Was wollt ihr übrigens lieber: Geld oder einen treuen, ehrlichen Freund? Trag also lieber dazu bei, dass du ein solcher bist, und verlange nicht von mir, dass ich etwas tun soll, wodurch ich gerade diese EIgenschaften verliere.
„Aber das Vaterland wird von mir keinen Nutzen haben.“
Wieder muss ich fragen: Was für einen Nutzen denn? Säulenhallen und Bäder wird es freilich nicht von dir bekommen. Aber was tut das? Es bekommt ja auch vom Schmiede keine Schuhe und vom Schuster keine Waffen! Es ist genug, wenn jeder seine Stelle ausfüllt. Wenn du nun aus einem andern Menschen einen zuverlässigen und redlichen Bürger machst, trägst du da nichts zum Nutzen des Vaterlandes bei? „Doch.“ Also dürftest auch du dem Vaterlandes nicht ohne Nutzen sein.

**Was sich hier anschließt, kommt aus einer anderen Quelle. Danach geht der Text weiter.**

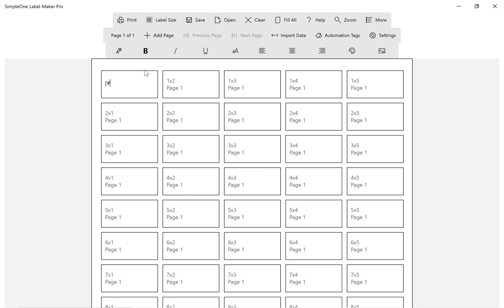The easiest way to create sequential numbers in labels is to use automation tags. I will show you how in this video.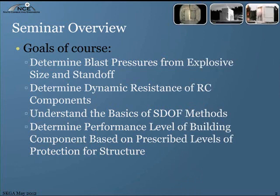We're going to go through determining the dynamic resistance of reinforced concrete components — similar procedures can be done for steel design. Then we'll cover the basics of the single degree of freedom design method, also called the SDOF method, and look at performance levels of buildings, which tell you whether your structure passes DOD or federal requirements.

„Welche Stellung soll ich denn im Staatsleben einnehmen?“
Diejenige, die du ausfüllen und bei der du zugleich ein rechtschaffener und sittsamer Mensch bleiben kannst. Wenn du aber dem Vaterlande nützen willst und diese Eigenschaften verlierst, was kannst du ihm da noch nützen, wenn du nicht mehr Treu und Glauben verdienst?